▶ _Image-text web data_
○ ○ ○ ○ ○ ○ ○

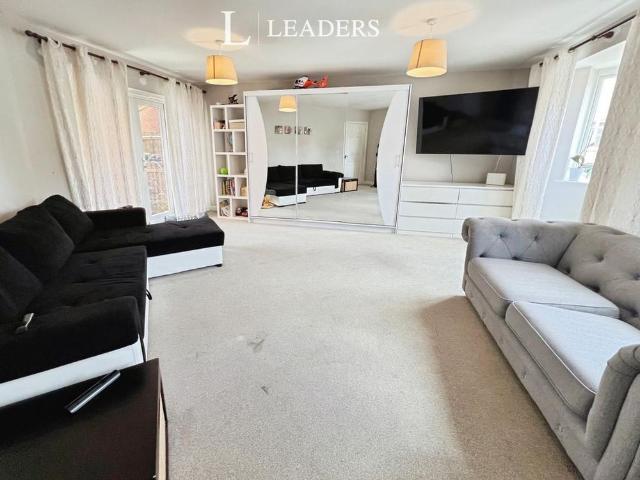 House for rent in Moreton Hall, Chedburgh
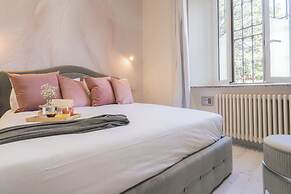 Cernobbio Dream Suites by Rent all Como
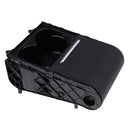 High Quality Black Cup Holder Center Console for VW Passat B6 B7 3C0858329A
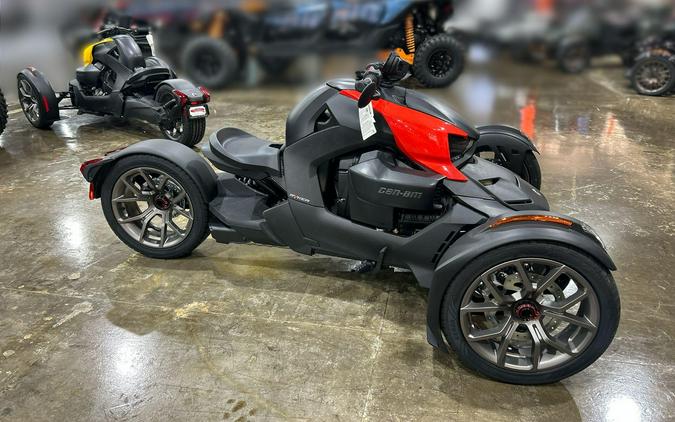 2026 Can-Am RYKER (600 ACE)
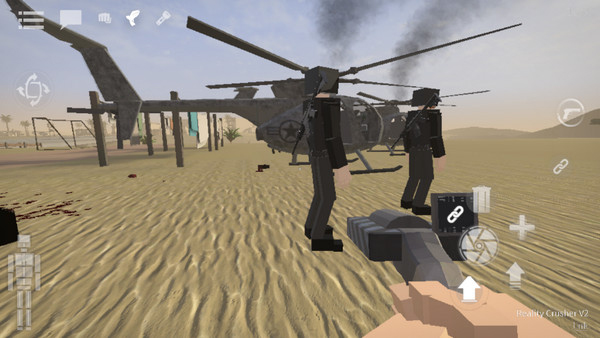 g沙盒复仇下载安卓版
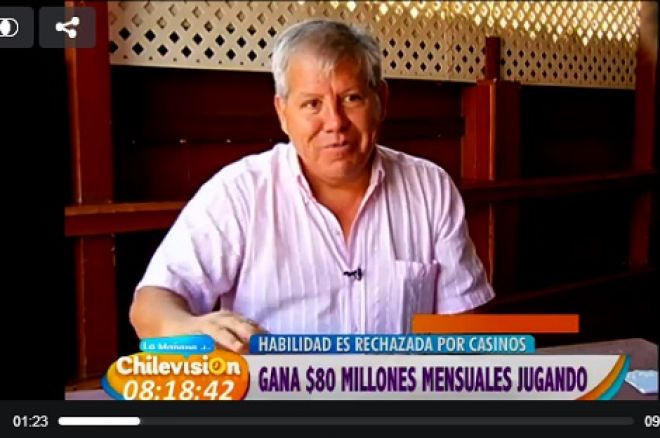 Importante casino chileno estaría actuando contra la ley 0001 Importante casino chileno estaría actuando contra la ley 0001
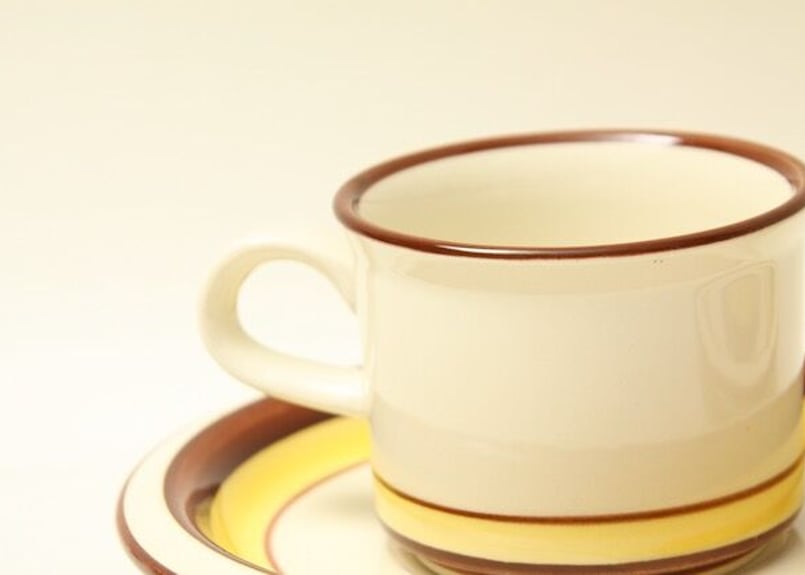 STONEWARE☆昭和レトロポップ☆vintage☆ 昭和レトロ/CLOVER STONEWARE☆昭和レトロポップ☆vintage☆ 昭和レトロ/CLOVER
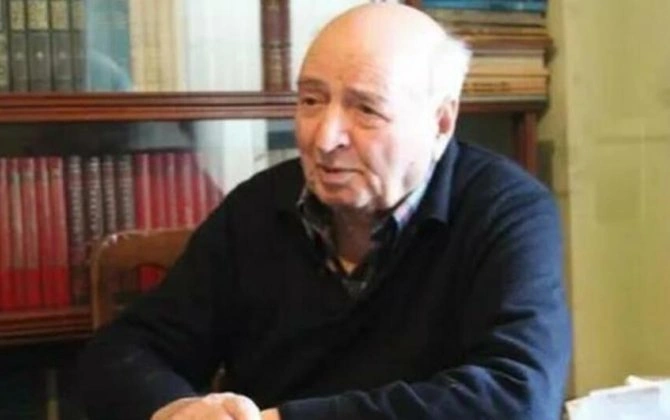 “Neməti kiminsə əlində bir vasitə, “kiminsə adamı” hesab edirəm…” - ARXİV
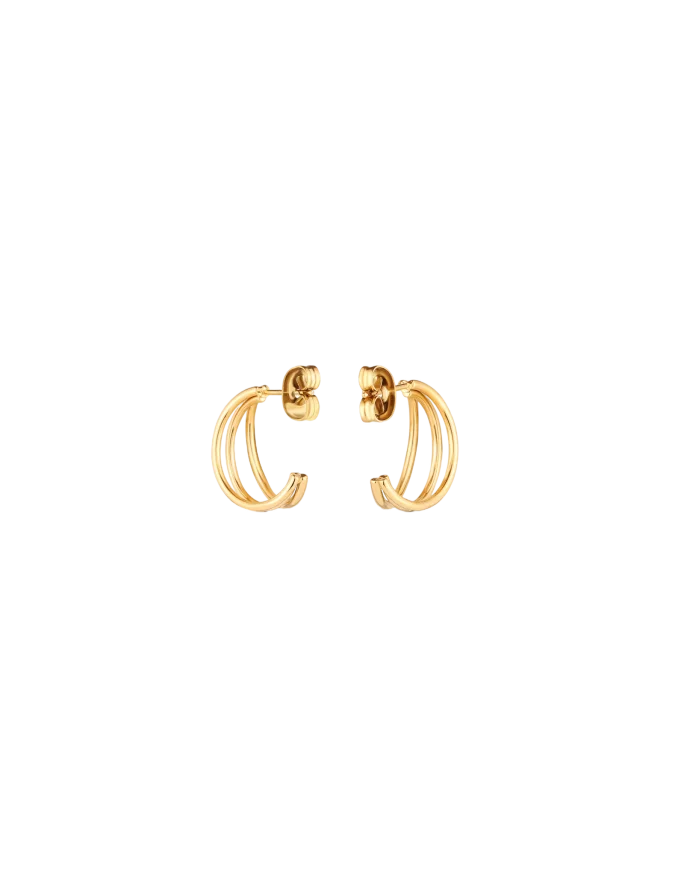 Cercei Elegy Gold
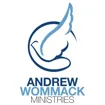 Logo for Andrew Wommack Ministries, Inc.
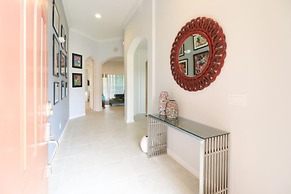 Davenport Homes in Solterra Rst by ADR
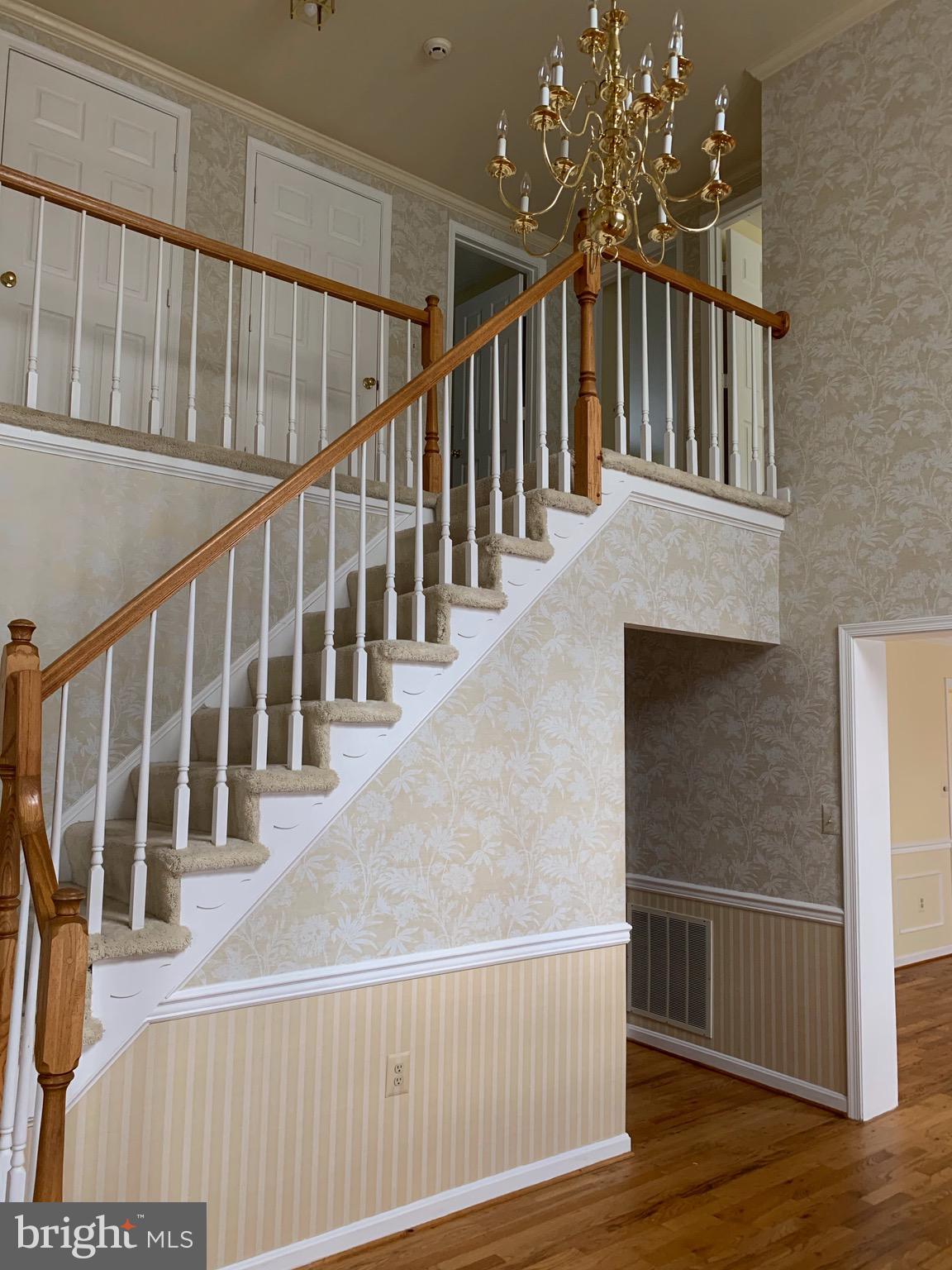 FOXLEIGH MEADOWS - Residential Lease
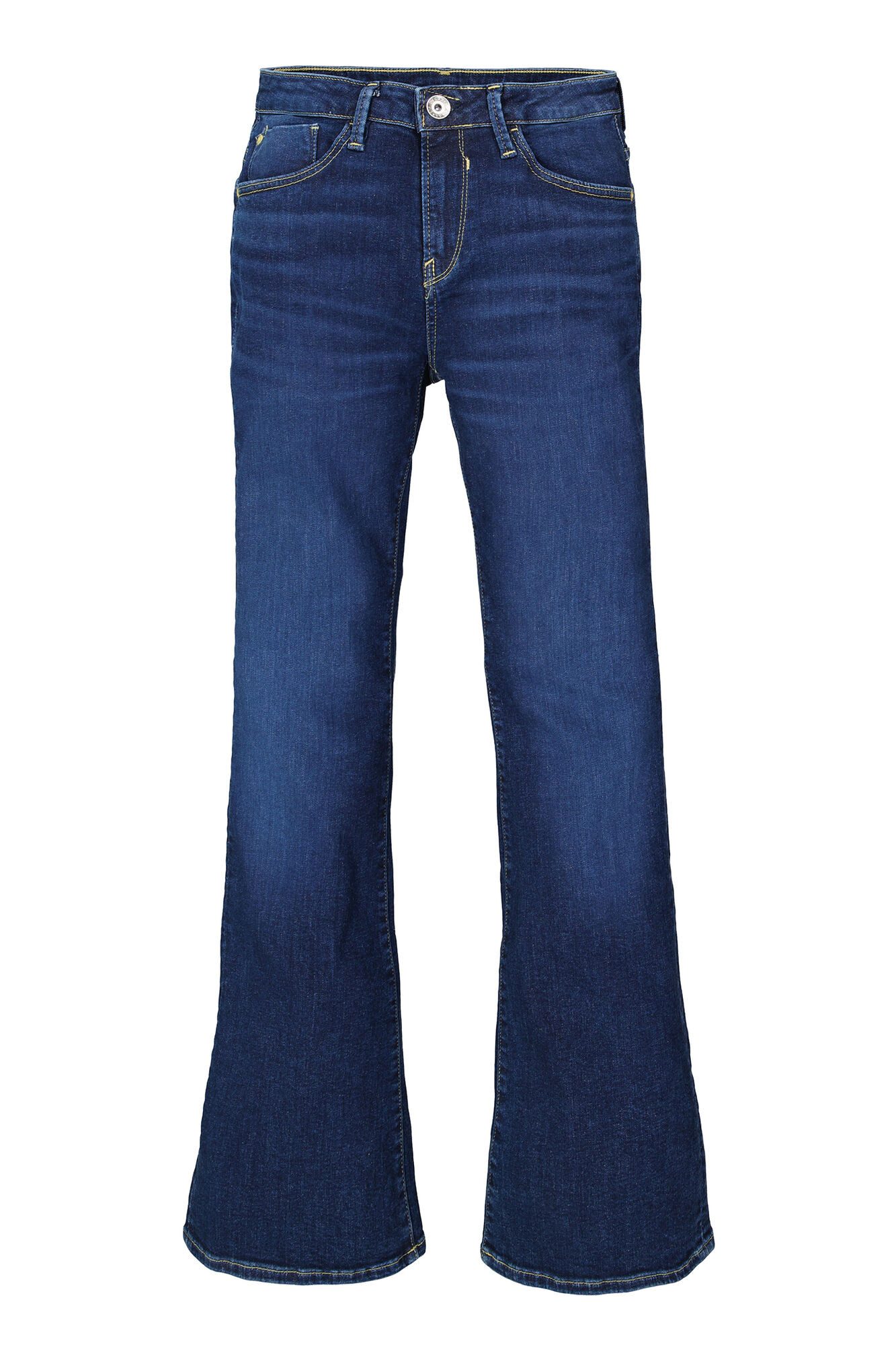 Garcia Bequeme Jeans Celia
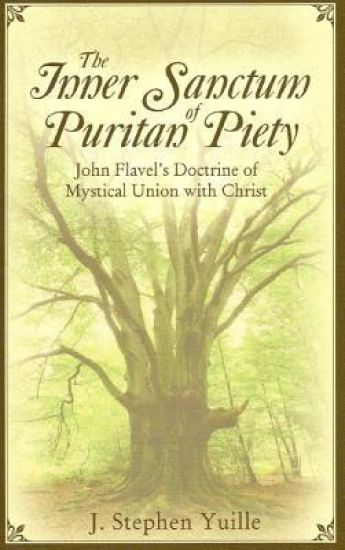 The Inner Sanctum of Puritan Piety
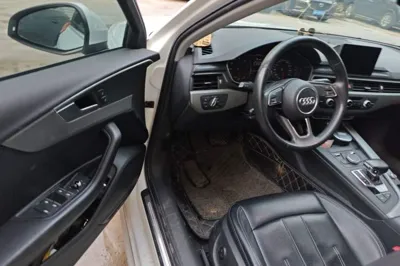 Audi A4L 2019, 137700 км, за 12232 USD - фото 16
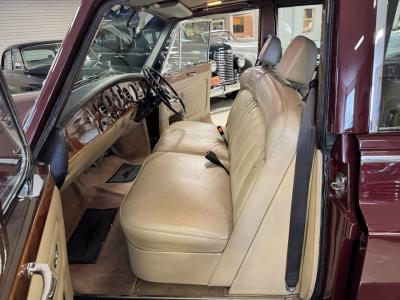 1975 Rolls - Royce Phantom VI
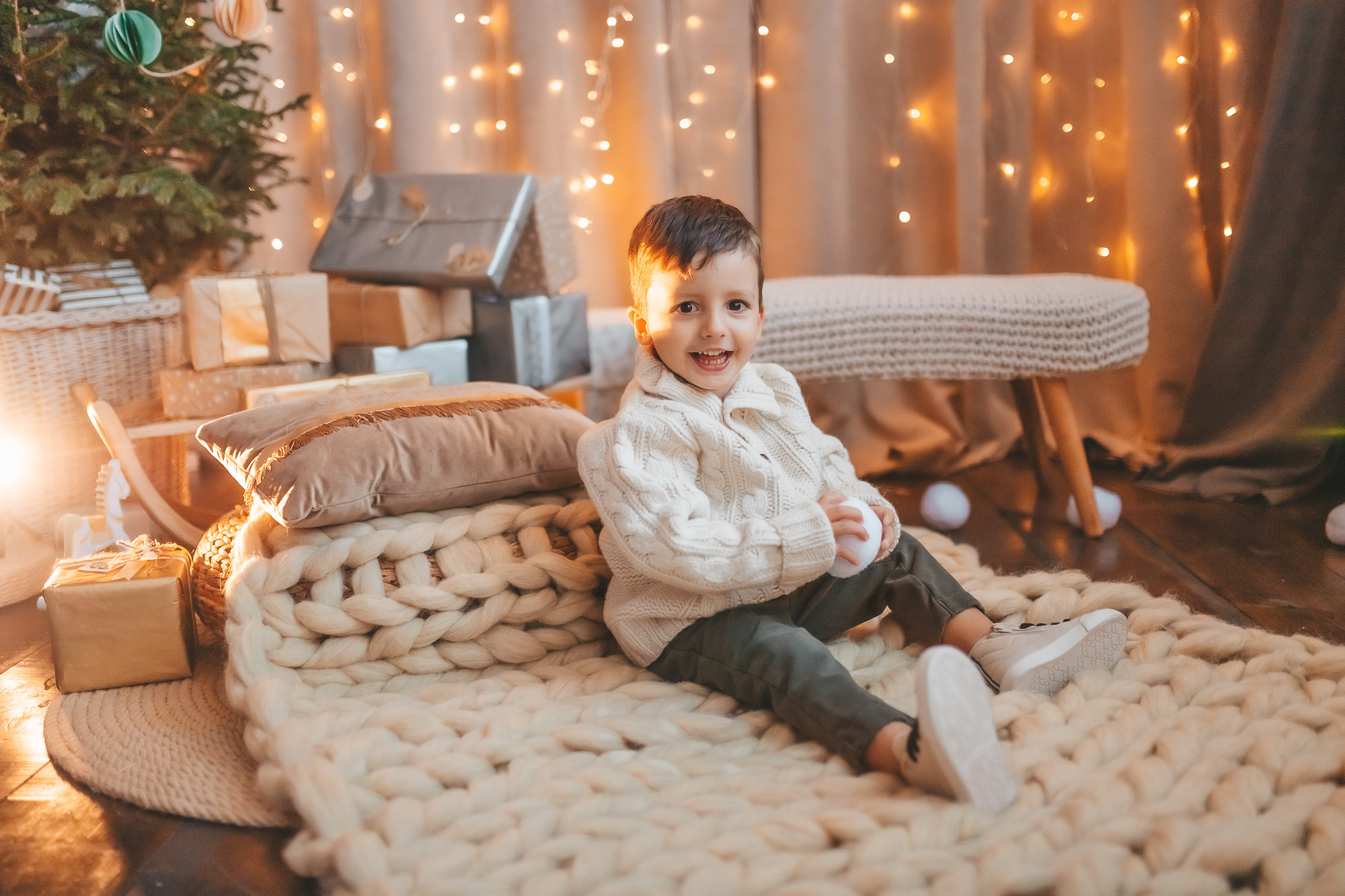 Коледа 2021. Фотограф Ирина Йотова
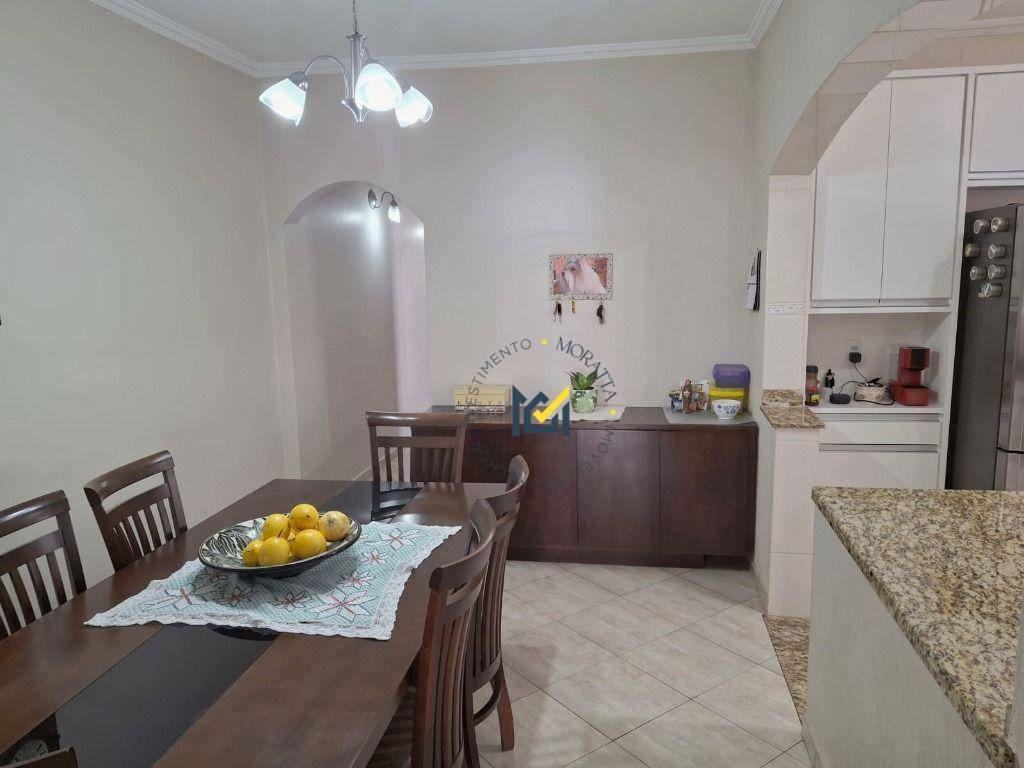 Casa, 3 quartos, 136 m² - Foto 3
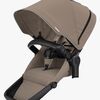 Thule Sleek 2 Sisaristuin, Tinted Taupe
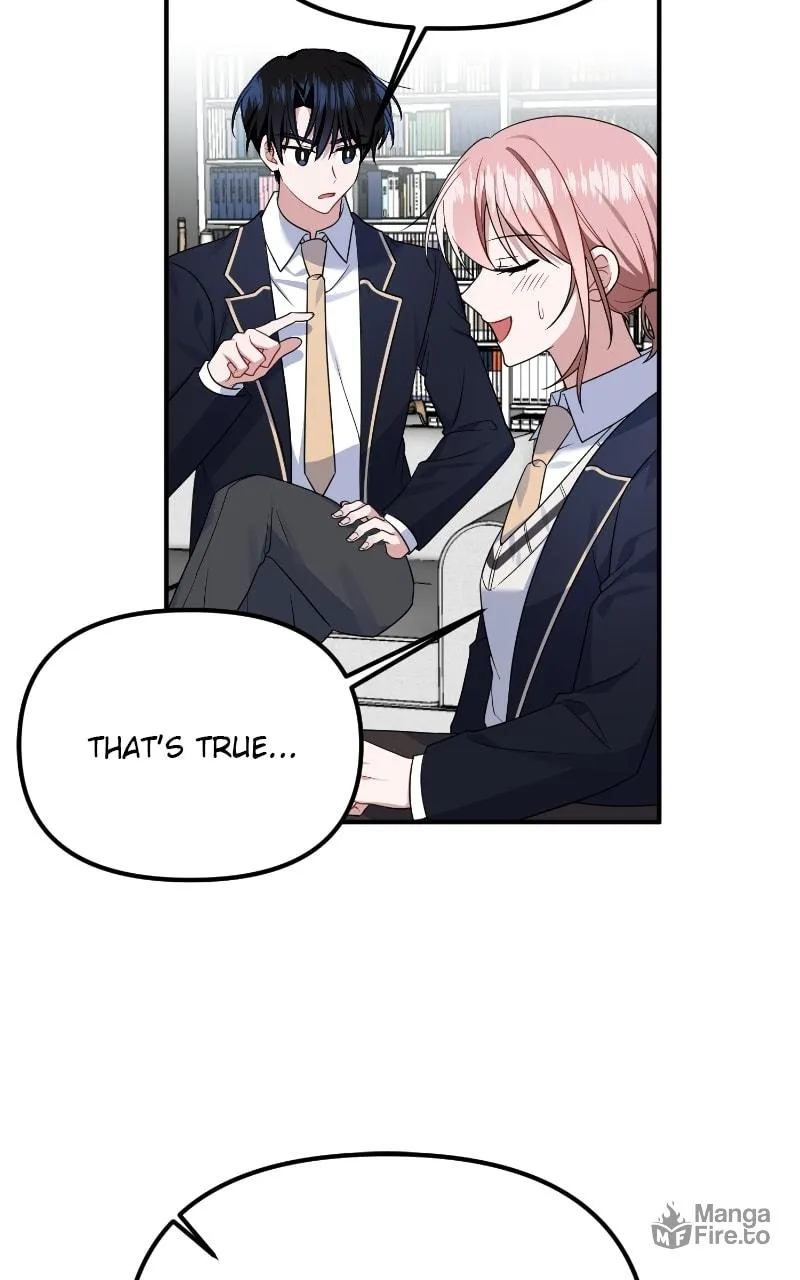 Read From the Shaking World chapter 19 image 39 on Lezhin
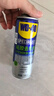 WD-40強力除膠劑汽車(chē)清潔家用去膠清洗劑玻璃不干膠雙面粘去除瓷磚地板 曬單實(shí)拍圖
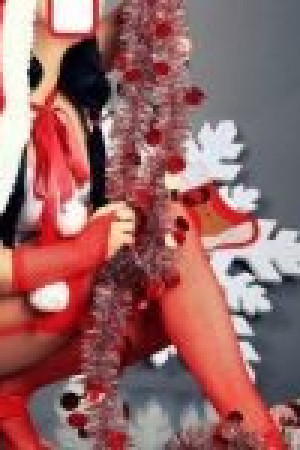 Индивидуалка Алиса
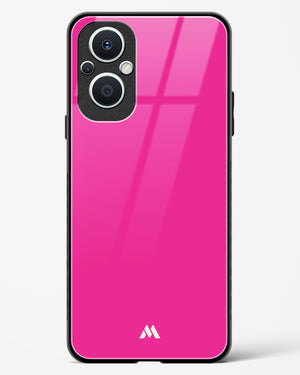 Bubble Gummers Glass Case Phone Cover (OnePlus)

○ ○ ○ ○ ○ ○ ○

▶ _Task objective_
Each entry above must be printed exactly, apart from its pictures.

▶ _Task result_
 House for rent in Moreton Hall, Chedburgh
 Cernobbio Dream Suites by Rent all Como
 High Quality Black Cup Holder Center Console for VW Passat B6 B7 3C0858329A
 2026 Can-Am RYKER (600 ACE)
 g沙盒复仇下载安卓版
 Importante casino chileno estaría actuando contra la ley 0001 Importante casino chileno estaría actuando contra la ley 0001
 STONEWARE☆昭和レトロポップ☆vintage☆ 昭和レトロ/CLOVER STONEWARE☆昭和レトロポップ☆vintage☆ 昭和レトロ/CLOVER
 “Neməti kiminsə əlində bir vasitə, “kiminsə adamı” hesab edirəm…” - ARXİV
 Cercei Elegy Gold
 Logo for Andrew Wommack Ministries, Inc.
 Davenport Homes in Solterra Rst by ADR
 FOXLEIGH MEADOWS - Residential Lease
 Garcia Bequeme Jeans Celia
 The Inner Sanctum of Puritan Piety
 Audi A4L 2019, 137700 км, за 12232 USD - фото 16
 1975 Rolls - Royce Phantom VI
 Коледа 2021. Фотограф Ирина Йотова
 Casa, 3 quartos, 136 m² - Foto 3
 Thule Sleek 2 Sisaristuin, Tinted Taupe
 Read From the Shaking World chapter 19 image 39 on Lezhin
 WD-40強力除膠劑汽車(chē)清潔家用去膠清洗劑玻璃不干膠雙面粘去除瓷磚地板 曬單實(shí)拍圖
 Индивидуалка Алиса
 Bubble Gummers Glass Case Phone Cover (OnePlus)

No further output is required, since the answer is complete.